It is not clear from your post what work specifically toyota performed -- if they have not performed the most recent TSB you may want to have that done. In most states, for lemon law buyback, you have to prove that you gave the manufacturer ample opportunity to fix the problem.
I also think it would be a good idea if you post a complaint about this at www.nhtsa.gov, particularly if you feel this problem presents a safety hazard. They are the agency that can effect a recall if the problem is significant or prevalent (after 4 years of this problem going on, I wouldn't hold my breath for a recall, but it doesn't hurt to give them your complaint).
There are some Edmunds forums actively discussing this problem.

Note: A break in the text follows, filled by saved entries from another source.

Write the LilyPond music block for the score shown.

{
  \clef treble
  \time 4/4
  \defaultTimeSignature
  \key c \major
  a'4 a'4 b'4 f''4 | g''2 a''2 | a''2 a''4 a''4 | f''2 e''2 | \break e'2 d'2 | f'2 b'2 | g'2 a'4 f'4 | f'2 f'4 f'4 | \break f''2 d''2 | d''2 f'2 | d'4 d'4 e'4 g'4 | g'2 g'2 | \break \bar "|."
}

Right now, the "Transmission Problems with the Lexus ES300" "Transmission problems with Lexus ES-300 ?" # is getting the most action, but the new forum "Toyota-Lexus transaxle shift delay" <http://townhall-talk.edmunds.com/direct/view/.efe9615 was set up specifically for discussing this problem in all of the Toyota-Lexus line.
Brian
2005 Toyota Highlander AWD
18,605 miles
I am sorry to hear about your problem. I wish you the very best luck in getting that resolved. The TSB has been reported as very successful by many people and I would highly recommend you try that route.
Also, you should be aware that the majority of the posts about this issue are by people who don't actually own one of these cars and have never personally driven one to experience the hesitation first hand. They enjoy speculating about the issue and are mostly well intentioned, but it is all based on second hand information.
And finally, there are also some posters with an obvious anti-Toyota agenda who may provide you information that is not exactly unbiased.
There are two million cars on the road with the V6 5 speed drivetrain and those who actually report a problem are a very small minority. I am sorry to hear you are one of them but there is a good chance the TSB will solve your problem.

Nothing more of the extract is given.